The war in Ukraine sent shockwaves rippling through the global economy, and Kazakhstan, a Central Asian nation strategically located between Russia and China, was not spared. The initial impact was a sharp devaluation of the Kazakh tenge. The currency lost a staggering 20% of its value against the US dollar within the first two weeks of the conflict, mirroring the depreciation of the Russian rouble. This devaluation significantly increased the cost of imports, a major factor contributing to Kazakhstan's inflation surge, which reached a concerning 19.6% by November 2022, according to data from the Kazakhstan National Statistics Bureau. This inflation spike eroded the purchasing power of Kazakh households, impacting their standard of living.

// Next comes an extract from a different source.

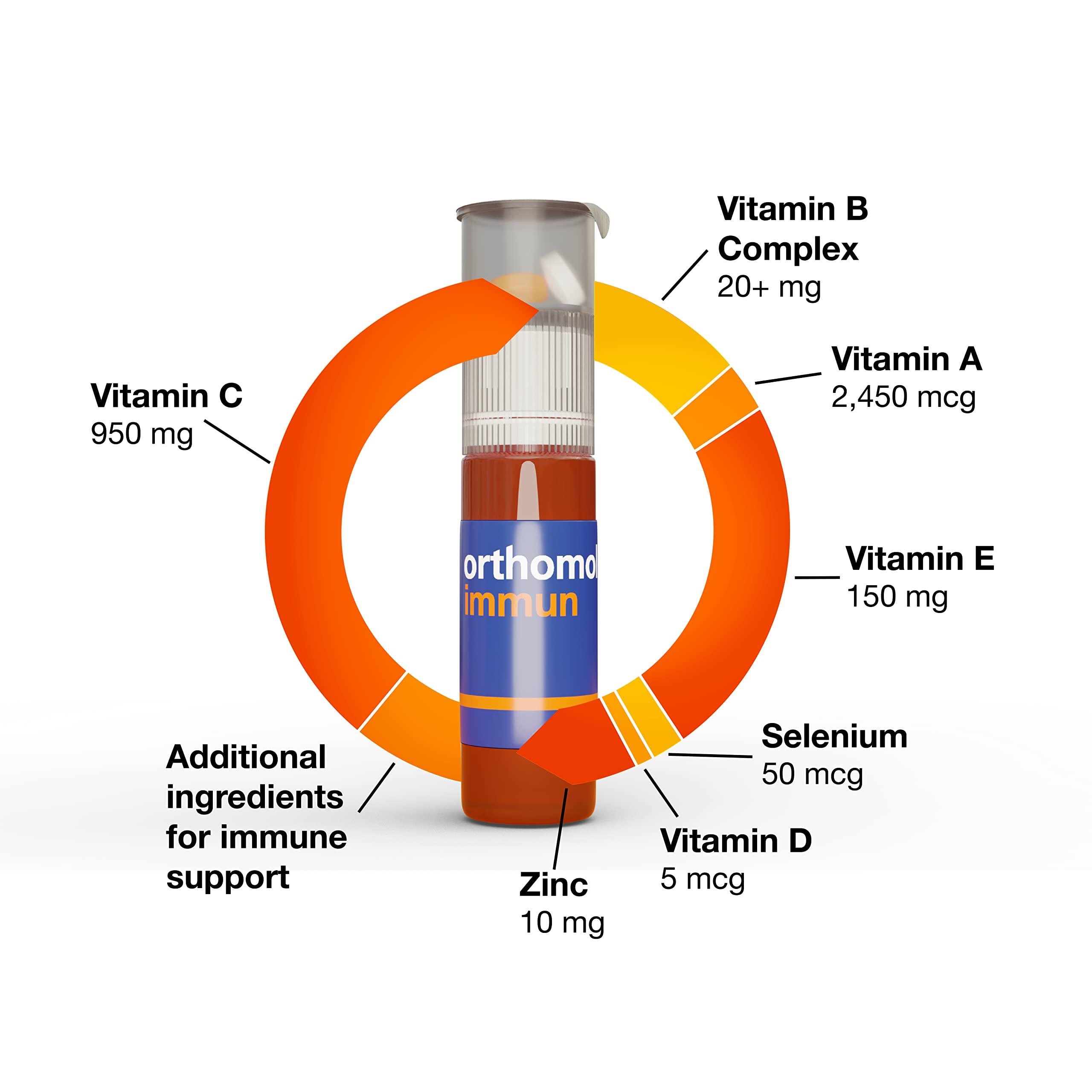 Orthomol Orthomol Immun Tablet and Capsule, Immune Support Supplement, 30-Day Supply, Vitamins A, B, C, D, E, Zinc, Iodine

However, the war also presented Kazakhstan with some unexpected economic opportunities. As a major oil and gas producer, with proven oil reserves exceeding 30 billion barrels, Kazakhstan benefitted from the disruption of Russian energy exports caused by Western sanctions. Global demand for Kazakh oil skyrocketed, leading to a significant increase in export revenue. This windfall is evident in Kazakhstan's export figures, which reached a staggering $65.8 billion in the first nine months of 2022 – a remarkable 47.5% jump compared to the same period in 2021.

Despite the financial benefits, this newfound reliance on oil exports comes with its own set of challenges. The sanctions imposed on Russia have significantly disrupted supply chains, making it difficult for Kazakhstan to obtain crucial inputs for its manufacturing sector, which contributes around 14% of the country's GDP. This disruption threatens to stall domestic production and hinder economic diversification efforts, which aim to reduce Kazakhstan's dependence on the oil and gas sector. Additionally, Kazakhstan's close economic ties to Russia create a vulnerability, as its own economy is intricately linked to the health of the Russian one. Russia is Kazakhstan's largest trading partner, accounting for over 20% of its total trade volume. Any further deterioration in the Russian economy would likely have a negative cascading effect on Kazakhstan.

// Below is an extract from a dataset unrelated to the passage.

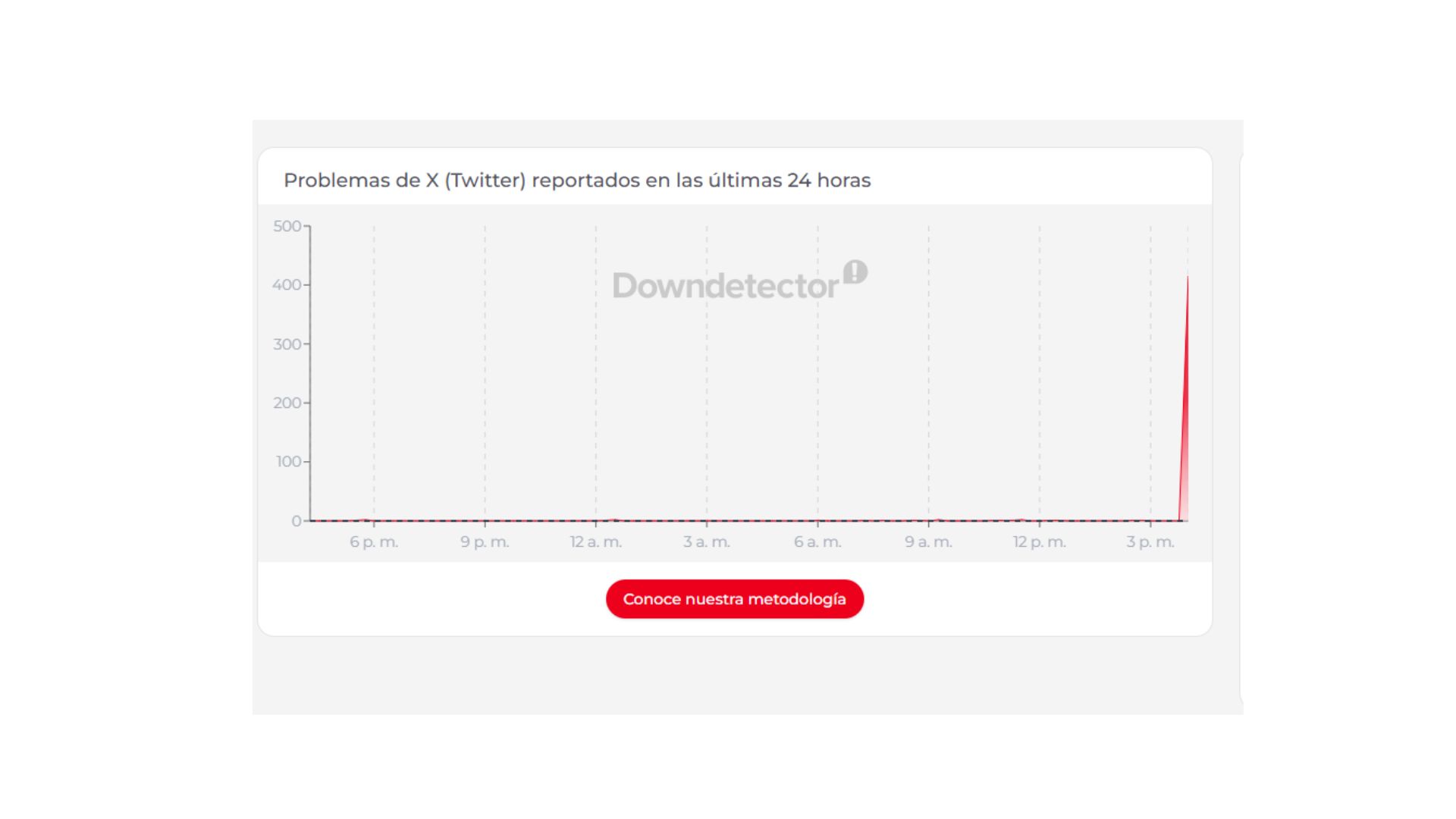 Căderea lui X în această marți, 14 aprilie.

The war has also exposed Kazakhstan's vulnerability to geopolitical pressures. The intervention of the Russia-led Collective Security Treaty Organization (CSTO) in quelling protests in Kazakhstan in January 2022 served as a stark reminder of the country's dependence on Russia for security. This, coupled with the ongoing war in Ukraine, has pushed Kazakhstan into a delicate balancing act on the world stage.

While President Tokaev has condemned the war in Ukraine, he has also been cautious not to completely alienate Russia. Kazakhstan remains a member of the Eurasian Economic Union (EEU), a trade bloc dominated by Russia, and has refrained from imposing sanctions on its northern neighbor. This cautious approach reflects the complex geopolitical situation Kazakhstan finds itself in.

Looking ahead, Kazakhstan's economic future remains shrouded in uncertainty. The war in Ukraine shows no signs of immediate resolution, and the long-term economic consequences are still unfolding. To navigate this complex situation, Kazakhstan will need to carefully manage its oil revenue, prioritizing the diversification of its economy to reduce reliance on Russia. This could involve further development of its agricultural sector, which employs over 20% of the workforce, and fostering the growth of its information technology and renewable energy sectors. Additionally, Kazakhstan needs to actively strengthen its relationship with other trading partners, particularly China, which has already emerged as a significant investor in Kazakhstan's infrastructure projects. The war has served as a wake-up call, urging Kazakhstan to chart a more independent economic course to ensure long-term stability and growth.